The market for college merchandise is valued at about $2.5 billion a year. Students, according to one count, spend $360 a month on clothing alone. Universities take profits from goods sold in their own stores and from licensee fees on independent sales. For some colleges, these are multimillion-dollar earnings. The Collegiate Licensing Corporation licenses athletic products for nearly 200 universities and about 2,000 retailers. While the CLC has a code of conduct, exactly where and under what conditions these products are made is a matter of conjecture.

Companies hotly deny that they abuse cheap labour, but when exposes occur, sub-contractors are blamed. USAS cites research showing that the typical labour costs on a $15 college T-shirt may be less than three cents, with profit margins of 75 per cent. Michigan protesters claimed that a UM baseball cap costing $20 brought $1.50 to the university but only eight cents to the Dominican Republican worker who made it.

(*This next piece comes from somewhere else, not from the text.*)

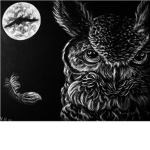 The Dark Owl Empire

Campaigners are demanding - and getting - a variety of worker protections. This month, Purdue University in Indiana banned the manufacture of its products in 13 countries that do not guarantee labour organising rights, from Laos to Somalia. The University of California recently strengthened its code of conduct for licensees, adding the demand for a "living wage" and an end to any forced contraception for female employees.

The students and their supporters link their activism to the same forces that turned the World Trade Organisation meeting last year into the fiasco dubbed the Battle of Seattle. Sweatshop campaigners were among those in Washington this week to protest at the International Monetary Fund and World Bank meetings, with the theme that the world economic market is feeding inequality and corporate exploitation of cheap labour. "We think of this as a first step. Here is a distinct market, the university logo market, in which we can try to change company practice," says Edna Bonacich, a professor of social and ethnic community studies at the University of California in Riverside and author of a forthcoming book on the Los Angeles garment industry.

"It could be a model for going after other sectors. We are not trying to change everything at once, but we would like to change the global economy ultimately."

The internet has served as a critical organising forum in colleges. "It's hard for me to imagine that we would be having this success if it wasn't for the easy chatI that we have had with each other," says Harvard second-year Ben McKean. Indeed, the history of the protest is etched on the worldwide web. USAS's site runs links to the corporate lists of factories in Mexico, Puerto Rico, Haiti, Thailand, Pakistan and elsewhere, including the US. Last October, Nike was the first to post the names of 41 factories in 11 countries where it produces apparel for US colleges. GEAR for Sports has also offered a database, where customers can enter the style number on a garment label to trace factory information.

Factory disclosure was long the students' rallying cry; now armed with the new data, they want monitoring, too. Last year, about 130 colleges and 11 apparel makers joined established human rights and workers groups to form the Fair Labour Association. They have plans and funding to set up a monitoring system for factory conditions.

The students say the FLA is tainted by its corporate ties. Their alternative, the WRC, has embraced the notion of random factory inspections. The FLA has White House blessing, but the recent protests have driven 30 universities to join the WRC within a month.

The WRC's advisory council includes sympathetic US labour experts along with trade unionists from the US, South Africa and Nicaragua. It has no corporate members. Political science student Maria Roeper, on a break from her studies, is the WRC's only paid staff member. "We are at a time when global economic justice is coming into people's consciousness," she says.